Neste livro, o Rei de Quase-Tudo tinha quase tudo, mas não estava satisfeito. Quando já tinha todos os exércitos, todas as terras e todo o ouro do mundo, quis possuir também todas as flores, todos os frutos, todos os pássaros, bem como todas as estrelas e o sol. Mas é aí que nosso Rei se frustra, pois descobre algo muito importante: o mundo também é feito de coisas invisíveis, que não se deixam aprisionar; e ter não é a mesma coisa que possuir. Com isso, ele descobre também uma maneira de recuperar a beleza do reino e a alegria.
Esta obra representa um marco na literatura infantil brasileira, pois veio à tona em um momento político muito complicado e serviu de metáfora para falar do abuso de poder. Com os militares no comando, o país vivia sob a égide das perseguições, expulsões, torturas, mortes, desaparecimentos e exílios. Eram os anos de chumbo da ditadura militar no Brasil.
A obra também pertence à categoria de histórias que possibilitam uma infinidade de leituras e uma altíssima fruição para qualquer tipo de leitor, seja criança ou adulto. O que ela esconde em suas entrelinhas, percebido ou não, só potencializa ainda mais o texto aparente. Disso é que advém o grande prazer da leitura.
De modo enxuto, rápido, mas não superficial, o texto passa do concreto para o imaginário, sem muita explicação: “estrelas foram aprisionadas”, “o sol perdeu a liberdade”. Esse jogo espontâneo é que encanta o leitor. E a partir disso, todos os contrastes se organizam na obra: o ser e o ter; o visível e o invisível; o palpável e o intocável. E fica mais forte a exploração da brincadeira advinda do uso da expressão “quase tudo”, que além de nomear o reino, anuncia ainda o patrimônio do seu monarca.
Não há um só diálogo na história e o conflito chega ao ápice não por um embate dos personagens, mas gerados pela feiúra, tristeza e escuridão. São essas “imagens” que promovem o restabelecimento do equilíbrio e da harmonia, produzindo a equação final: ter paz é ter tudo.

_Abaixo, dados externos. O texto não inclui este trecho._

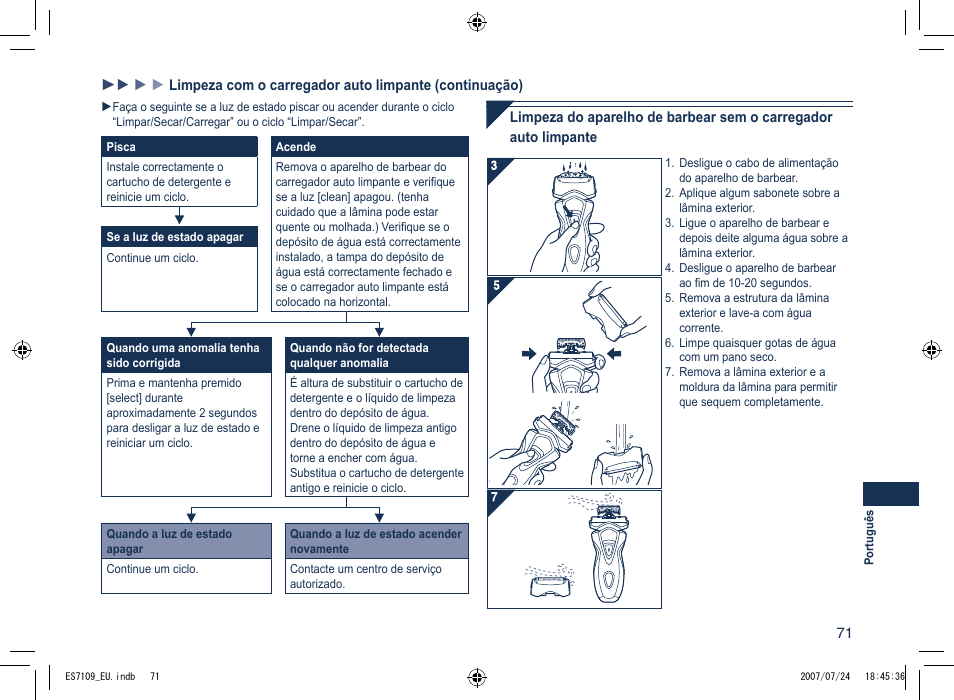 Panasonic ES7109 User Manual | Page 71 / 184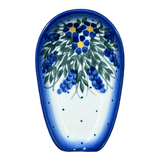 Spoon Rest, 3.5" x 5", WR (WR55D) in "Delphinium Spray" by W.R. Ceramika | WR55D-BW3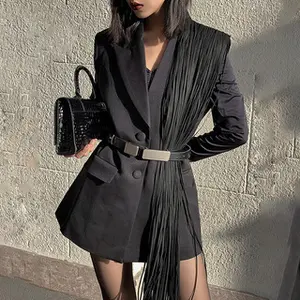 Boutique Wholesale 2024 Spring New Long Sleeved Straight Tube Side Shoulder Personalized Tassel Design Women's Coats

As ilustrações, na base da aquarela, exploram as cores quentes e os detalhes (o punho de uma espada, um jarro de vidro, uma ramagem contra o arco do sol, etc.). Os personagens são figuras achatadas, narigudas, com jeito de caricaturas e reforçam a solidão do poder. O Rei é basicamente o único personagem do livro. E as formas “apequenadas” das pessoas remetem para o achatamento provocado pela ganância, obediência cega, manipulação inescrupulosa. Intercalando fundo branco e página somente ilustrada, o livro constrói sua dinâmica.
Eliardo França, autor do texto e das imagens, é super reconhecido na literatura infantil, muito mais por suas ilustrações do que por seus textos. Dedicou-se, quase sempre, a ilustrar os textos de Mary França, sua esposa. O leitor brasileiro bem que merecia mais textos dele, que é tão bom autor quanto ilustrador.
Este livro coleciona prêmios: bienal de Bratislava, Fundação Nacional do Livro Infantil e Juvenil, Unesco, IBBY, etc. Agora, na 15ª edição, está um pouquinho maior no formato e mudou de editora. Mas continua sendo uma obra urgente e importante!